Cebé otro amargo. -Sí, es verdad, pero tuve la sensación de que el hombre no estaba acostumbrado a ese tipo de lugar, tan suntuoso. Se lo veía contentísimo, sí, pero como sapo de otra laguna. Él -y todos- se movían con cierta timidez.
-Ya que eso es lo que te pareció, voy a contarte una historia interesante, quizá conmovedora. Ese señor llegó a la Argentina hace unos veinticinco años. Tuvo una única hija, la luz de sus ojos, como se dice. Le dió la mejor, la más completa educación, y muchas otras cosas más, todas las que estuvieron a su alcance. Ningún esfuerzo era demasiado, si era por su familia y, especialmente, su hija. Y finalmente ella se puso de novia con un buen muchacho.
Cuando esa hija nació, el padre -con la total aprobación de su mujer, claro- se hizo a sí mismo una promesa: le daría la mejor fiesta de casamiento posible, costare lo que le costare. Esa noche sería digna de una princesa y, en consecuencia, él se sentiría un rey. Y ya ves, parecería que lo logró.

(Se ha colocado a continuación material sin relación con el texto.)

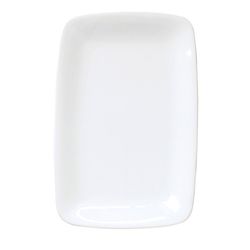 HIC Kitchen Ceramic Plate 1 each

-Pero lo que me contás no explica que este padrino se viese incómodo en su jaquet, como si se sintiera un extraño en esos lugares.
-¿Cuál suponés que es la ocupación de ese padre?
-No sé. Por lo que le costó todo esto, debe ser un importante industrial, un fuerte comerciante, o algo así...
-No, hijo, no. Para cumplir sus sueños, que son los mismos de tantos humildes inmigrantes, esta noche gastó todos, absolutamente todos sus ahorros. Podemos estar o no de acuerdo con su actitud, pero él seguramente es ahora muy feliz, aunque quedó como cuando recién había llegado: con una mano atrás y la otra adelante. Y a empezar de nuevo. Mañana, lunes, regresará al trabajo que tiene desde hace veinticinco años.
-¿Qué hace?
Mi viejo dio una larga chupada al mate, me miró intensamente, y dijo:
-Es estibador, carga bolsas en el puerto.